Friday, July 26, 2013

Protein diet increased deterioration of diabetic nephropathy

Worsening of diabetic nephropathy and high-protein diet. Diabetic nephropathy is the main pathological features of the glomerular basement membrane uniform hypertrophy, increased mesangial matrix cells, mesangial cells were nodular hypertrophy. The causes of diabetic nephropathy is that we must understand, experts introduced us to lead the cause of diabetic nephropathy.

1 Blood Pressure: Diabetic patients due to lipid metabolism disorders, atherosclerosis and many other reasons, a large number of those with hypertension, these patients can be seen almost urine protein, suggesting that renal damage in general.

2 white diet exacerbate the deterioration of diabetic nephropathy; diabetic patients due to strict limits carbohydrate intake, and high protein food supply fiber-based, trade-off, resulting in protein decomposition products and phosphorus loads and excessive accumulation, thereby exacerbating the DN pathological damage.

So, diabetic nephropathy induced reasons, what does?

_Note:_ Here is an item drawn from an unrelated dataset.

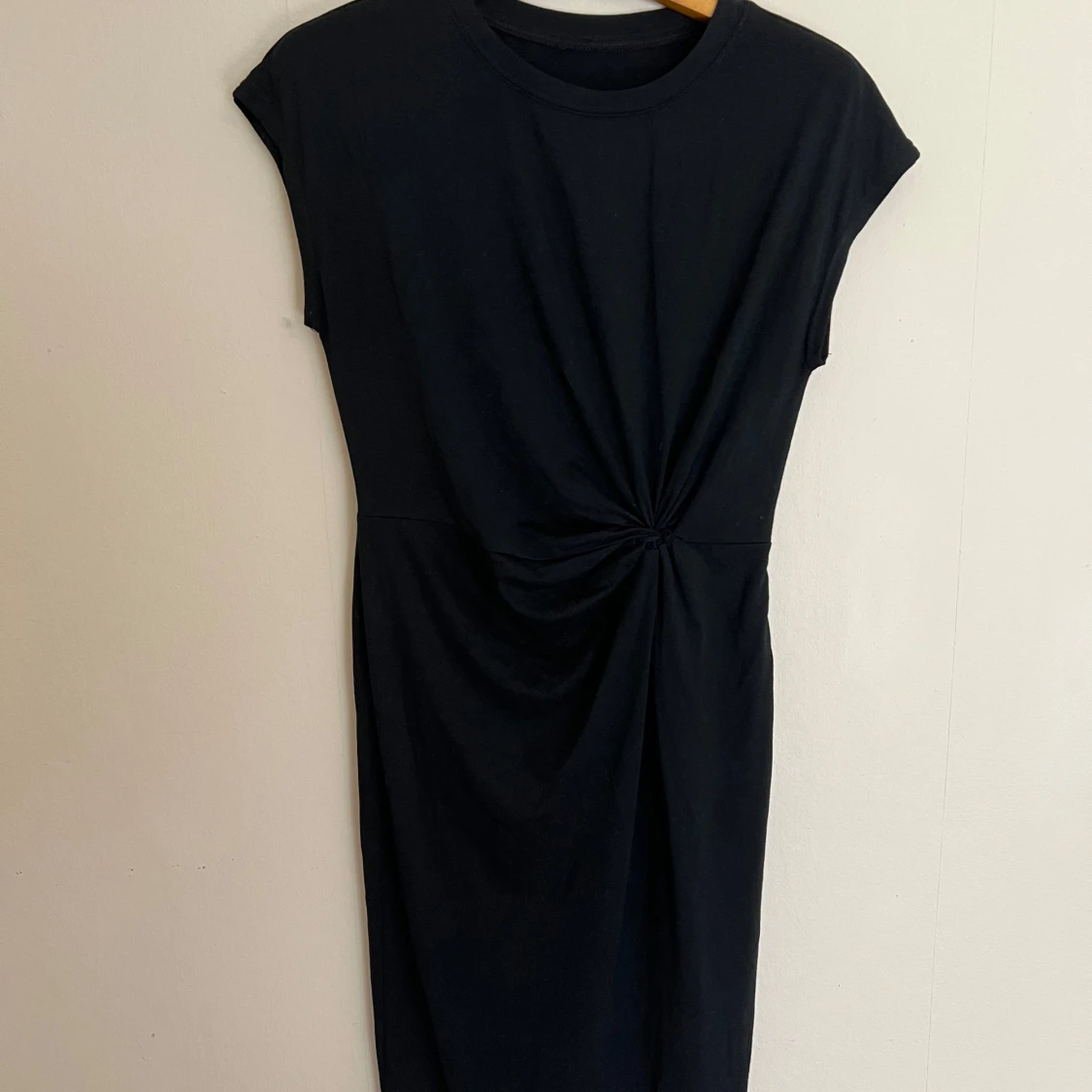 Klänning med knytdetalj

Diabetic nephropathy is closely related with high blood sugar, poor blood sugar control can accelerate the development of diabetic nephropathy, good blood glucose control can significantly slow down its development. High blood sugar and glycation endproducts increase induced mesangial cell proliferation, extracellular matrix increased mesangial expansion, glomerular basement membrane thickening.

Diabetic nephropathy and genetic factors. Some long-term good glycemic control in patients with diabetic nephropathy also can occur. Glucose transporter proteins on mesangial cells mainly glucose transporter. Recent studies have found that different individuals with diabetes GLUT1 menu mesangial cells and regulation of the differences may be susceptible to kidney damage in some patients one of the factors. And the incidence of diabetic nephropathy also showed family aggregation, family history of hypertension in some patients with diabetes, the incidence of diabetic nephropathy was significantly higher than in patients with no family history of hypertension.

Hypertension and diabetic nephropathy is not directly related, but the course of pre-existing hypertension or microalbuminuria to elevated blood pressure can accelerate the progress of diabetic nephropathy after and deterioration of renal function, increased urinary albumin excretion.

Diabetic nephropathy, renal hemodynamic abnormalities. In patients with diabetic nephropathy, which is a critical factor. Patients with diabetic nephropathy should be noted that, to maintain their bodily functions remain unchanged, the normal state of mind, it can prevent and improve their disease, completely away from diabetic nephropathy torture.